Yesterday I joined WeightWatchers as my mum said she'd pay for me to go. Part of me was and still remains quite sceptical about being told what is and isn't good for you, but there appears to be a bit more to it than that. Basically, one the basis of your current weight, height, age and degree of activity in your day-to-day life you are allowed a certain number of 'points' per day. They provide you with a booklet called 'Fast Start' which gives you recipes for each meal of the day which you can follow, which add up 16 points or 18 if you factor in a pint of milk for tea, coffee, cereal, whatever. The alternative is to use your own recipes and count the points using a little encyclopaedia telling you how much each food item is, which I think I will be doing more often. Whilst you don't have to be a genius to know that making a salad is healthier than getting an Indian takeaway, I'm already impressed by the information they give you about making changes on a smaller scale- for example, bagels aren't 'bad' for you, but pitta bread is better. I love both, so it's no problem for me to swap. Things like that are quite cool; that I can substitute minor things for others which I also enjoy, without it being a compromise. Also there are a lot of 'no point' foods which you can eat as much of as you want, so you theoretically should never be hungry, which is a big thing for me. As soon as I get hungry or emotional, food rationality goes out of the window. No point things include some foods I love, like artichokes, asparagus, all the classic salad ingredients, and thank fuck Diet Coke, so things look promising. If next week I have lost weight I will be back to trumpet about it. On a side note, it turns out our scales at home make me seem half a stone lighter than I really am, which was a bit annoying when I got weighed at the meeting. Sorry for going on about WeightWatchers so much, I know nobody cares, but hopefully I won't talk at my friends about it too much now.

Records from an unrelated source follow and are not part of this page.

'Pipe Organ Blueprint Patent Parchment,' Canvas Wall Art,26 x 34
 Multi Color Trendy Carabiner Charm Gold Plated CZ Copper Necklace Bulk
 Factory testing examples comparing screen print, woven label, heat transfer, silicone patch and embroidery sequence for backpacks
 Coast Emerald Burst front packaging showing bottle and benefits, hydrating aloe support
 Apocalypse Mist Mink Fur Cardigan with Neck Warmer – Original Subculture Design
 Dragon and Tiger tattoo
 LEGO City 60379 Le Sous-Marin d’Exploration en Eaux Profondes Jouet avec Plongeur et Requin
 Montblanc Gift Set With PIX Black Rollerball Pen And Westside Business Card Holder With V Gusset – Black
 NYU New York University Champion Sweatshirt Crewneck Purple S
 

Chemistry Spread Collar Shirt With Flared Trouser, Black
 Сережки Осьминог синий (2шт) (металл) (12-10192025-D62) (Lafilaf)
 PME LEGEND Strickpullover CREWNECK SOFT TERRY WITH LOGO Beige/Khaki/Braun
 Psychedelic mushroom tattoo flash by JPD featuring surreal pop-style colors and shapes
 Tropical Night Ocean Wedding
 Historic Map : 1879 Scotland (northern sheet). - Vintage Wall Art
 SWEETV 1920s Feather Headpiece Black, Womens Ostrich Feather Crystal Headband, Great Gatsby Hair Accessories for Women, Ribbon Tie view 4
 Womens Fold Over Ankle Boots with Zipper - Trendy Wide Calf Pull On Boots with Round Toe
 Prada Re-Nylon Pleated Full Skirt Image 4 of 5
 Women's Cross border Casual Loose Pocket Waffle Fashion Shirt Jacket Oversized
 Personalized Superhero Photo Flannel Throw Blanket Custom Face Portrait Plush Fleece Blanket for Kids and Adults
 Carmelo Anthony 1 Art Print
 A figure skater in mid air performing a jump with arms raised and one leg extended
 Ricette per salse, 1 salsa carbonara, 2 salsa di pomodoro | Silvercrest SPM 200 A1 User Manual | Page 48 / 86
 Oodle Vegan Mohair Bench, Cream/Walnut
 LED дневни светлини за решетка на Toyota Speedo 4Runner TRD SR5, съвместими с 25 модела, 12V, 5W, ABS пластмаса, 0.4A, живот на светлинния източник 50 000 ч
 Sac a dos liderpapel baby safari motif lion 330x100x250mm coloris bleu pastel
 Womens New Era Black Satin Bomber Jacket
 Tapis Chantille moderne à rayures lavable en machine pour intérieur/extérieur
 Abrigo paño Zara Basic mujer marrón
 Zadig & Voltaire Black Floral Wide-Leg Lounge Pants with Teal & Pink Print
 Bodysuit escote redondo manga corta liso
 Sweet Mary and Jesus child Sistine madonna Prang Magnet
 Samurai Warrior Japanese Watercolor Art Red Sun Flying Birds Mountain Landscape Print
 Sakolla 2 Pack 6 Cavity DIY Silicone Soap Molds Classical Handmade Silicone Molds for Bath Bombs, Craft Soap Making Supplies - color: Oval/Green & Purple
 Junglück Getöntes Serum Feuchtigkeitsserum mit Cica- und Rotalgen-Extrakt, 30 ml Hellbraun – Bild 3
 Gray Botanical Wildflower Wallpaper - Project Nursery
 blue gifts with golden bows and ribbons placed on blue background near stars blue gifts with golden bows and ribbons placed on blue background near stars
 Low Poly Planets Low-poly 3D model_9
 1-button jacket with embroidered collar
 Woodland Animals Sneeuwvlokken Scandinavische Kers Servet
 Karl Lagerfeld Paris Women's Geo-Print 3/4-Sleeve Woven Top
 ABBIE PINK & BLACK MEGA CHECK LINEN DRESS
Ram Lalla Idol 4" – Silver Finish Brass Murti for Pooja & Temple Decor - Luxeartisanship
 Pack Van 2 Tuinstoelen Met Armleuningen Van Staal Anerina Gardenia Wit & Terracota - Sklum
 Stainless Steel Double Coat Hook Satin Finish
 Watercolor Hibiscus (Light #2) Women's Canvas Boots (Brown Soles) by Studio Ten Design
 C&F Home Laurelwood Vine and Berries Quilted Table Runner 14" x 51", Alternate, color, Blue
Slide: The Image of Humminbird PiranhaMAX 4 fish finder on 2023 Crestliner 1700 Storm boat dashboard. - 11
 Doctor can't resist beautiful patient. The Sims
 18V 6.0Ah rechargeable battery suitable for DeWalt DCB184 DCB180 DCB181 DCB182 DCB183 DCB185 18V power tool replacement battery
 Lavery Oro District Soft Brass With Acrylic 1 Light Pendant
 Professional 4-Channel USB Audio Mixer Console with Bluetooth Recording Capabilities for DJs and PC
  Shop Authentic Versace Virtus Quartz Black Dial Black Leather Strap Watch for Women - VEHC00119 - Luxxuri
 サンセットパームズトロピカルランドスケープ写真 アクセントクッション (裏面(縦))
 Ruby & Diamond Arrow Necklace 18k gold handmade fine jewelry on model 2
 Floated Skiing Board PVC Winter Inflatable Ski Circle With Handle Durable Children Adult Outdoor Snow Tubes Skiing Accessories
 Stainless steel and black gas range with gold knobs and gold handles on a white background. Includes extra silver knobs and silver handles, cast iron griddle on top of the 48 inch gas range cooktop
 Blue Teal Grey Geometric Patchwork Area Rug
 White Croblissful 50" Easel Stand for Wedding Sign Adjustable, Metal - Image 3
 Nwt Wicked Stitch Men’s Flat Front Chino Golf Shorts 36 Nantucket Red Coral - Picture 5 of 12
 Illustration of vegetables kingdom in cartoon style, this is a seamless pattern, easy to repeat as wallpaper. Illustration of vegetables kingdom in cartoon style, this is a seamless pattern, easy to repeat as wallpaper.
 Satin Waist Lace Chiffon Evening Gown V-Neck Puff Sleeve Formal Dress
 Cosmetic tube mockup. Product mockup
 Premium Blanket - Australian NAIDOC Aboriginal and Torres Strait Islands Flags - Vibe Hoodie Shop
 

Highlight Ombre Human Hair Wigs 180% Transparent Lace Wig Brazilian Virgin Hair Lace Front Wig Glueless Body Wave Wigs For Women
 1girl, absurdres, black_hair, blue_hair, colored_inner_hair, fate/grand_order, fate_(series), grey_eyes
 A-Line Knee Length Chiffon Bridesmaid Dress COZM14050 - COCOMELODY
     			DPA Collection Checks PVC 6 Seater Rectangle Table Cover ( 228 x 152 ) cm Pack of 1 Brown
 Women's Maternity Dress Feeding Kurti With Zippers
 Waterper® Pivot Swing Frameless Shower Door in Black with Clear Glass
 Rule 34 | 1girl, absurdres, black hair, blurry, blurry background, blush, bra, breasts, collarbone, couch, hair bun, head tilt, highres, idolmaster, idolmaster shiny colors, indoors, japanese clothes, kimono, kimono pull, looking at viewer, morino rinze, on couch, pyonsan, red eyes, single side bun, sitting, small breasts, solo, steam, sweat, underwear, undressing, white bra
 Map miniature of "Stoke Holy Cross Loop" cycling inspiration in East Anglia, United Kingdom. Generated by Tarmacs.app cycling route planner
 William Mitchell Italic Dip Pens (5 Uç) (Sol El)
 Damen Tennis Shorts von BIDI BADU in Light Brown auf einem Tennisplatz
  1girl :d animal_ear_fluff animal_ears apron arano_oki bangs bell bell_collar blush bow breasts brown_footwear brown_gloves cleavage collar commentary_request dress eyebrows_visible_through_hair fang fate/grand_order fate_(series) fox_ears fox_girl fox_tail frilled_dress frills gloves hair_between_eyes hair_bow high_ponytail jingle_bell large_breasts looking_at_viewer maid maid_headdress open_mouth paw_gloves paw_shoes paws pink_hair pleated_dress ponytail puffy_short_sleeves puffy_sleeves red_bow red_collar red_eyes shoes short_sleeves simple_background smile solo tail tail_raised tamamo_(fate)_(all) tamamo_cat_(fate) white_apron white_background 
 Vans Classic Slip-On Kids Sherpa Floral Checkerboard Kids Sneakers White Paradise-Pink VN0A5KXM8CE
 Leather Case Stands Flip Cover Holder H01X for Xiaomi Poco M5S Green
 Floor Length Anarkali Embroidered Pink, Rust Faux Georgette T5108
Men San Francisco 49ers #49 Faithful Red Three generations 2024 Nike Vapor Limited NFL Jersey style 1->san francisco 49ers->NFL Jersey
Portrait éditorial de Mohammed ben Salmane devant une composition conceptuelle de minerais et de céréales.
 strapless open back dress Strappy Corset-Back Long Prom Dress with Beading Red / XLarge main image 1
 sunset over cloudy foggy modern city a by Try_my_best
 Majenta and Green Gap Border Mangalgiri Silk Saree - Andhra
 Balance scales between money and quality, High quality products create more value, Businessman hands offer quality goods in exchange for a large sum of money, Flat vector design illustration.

Health implications of regular vomming aside, why is it not still socially acceptable to force yourself to chunder during meals like the Romans did? I often eat just because I enjoy the taste of things, not because I'm hungry. What somebody needs to do is invent that chewing gum from Charlie & the Chocolate Factory in real life; the one where as you're chewing you get the taste of a three course meal. Although a) in the book it implies that it is a substitute for a meal and must therefore fill you up, which is not the taste-only substance I was hoping and b) taste without texture would probably be a bit shit actually. I think I am thinking about this too much.
Today I have no lectures so am at home all day, and will be teaching piano this evening, although I should be at university for a staff and student representative liason meeting, but can I be bothered to pay the £15 train fare to go and repeat what I've sent them by e-mail already, and leave after an hour to be back to teach? Can I fuck. So I am pretending to be ill. I should probably do some uni work due in on Monday seeing as I'm going to stay at Dan's for the weekend, and e-mail the chap from London Zoo about my placement there, and make it seems like I know something about GIS. I don't know whether to be forward about things and ask if I am the only student in the runnings for this placement or whether there are a few of us that will be interviewed when he gets back from India. If so I should be looking for an alternative placement after another of my three applications was rejected and I don't actually want to work for the third now. I really only want this one at London Zoo though. I would be helping to develop a practical GIS programme for conservationists in Africa, which sounds very impressive and may stand me in good stead for jobs after I'm finished at King's. Also, I could get to go to Africa, which would be amazing. I am looking into going for my dissertation anyway, which looks like it's going to be mapping environmental change and human habitation in a region of the Sahara. Basically looking at climate data, like the hydrological record from lake sediments, and adding to it the record of when the area has experienced human activity by looking at other peoples' carbon dated archaeological finds. In short, being able to say that 'over time, people were able to live here at (x), when there was water available, but then the area rapidly became arid and then evidence for human habitation stops'. It might sound pretty boring but I am really interested in it.
Anyway, I should go, I want to practice some more guitar licks before my pupils start coming, and I have to write out a left-hand accompaniment for the melody-only version of 'Killing Me Softly' that one of my pupils has presented me with. How joyous. Oh, and I have to work out what I am allowed for lunch. I hope balsamic vinegar has no points in it.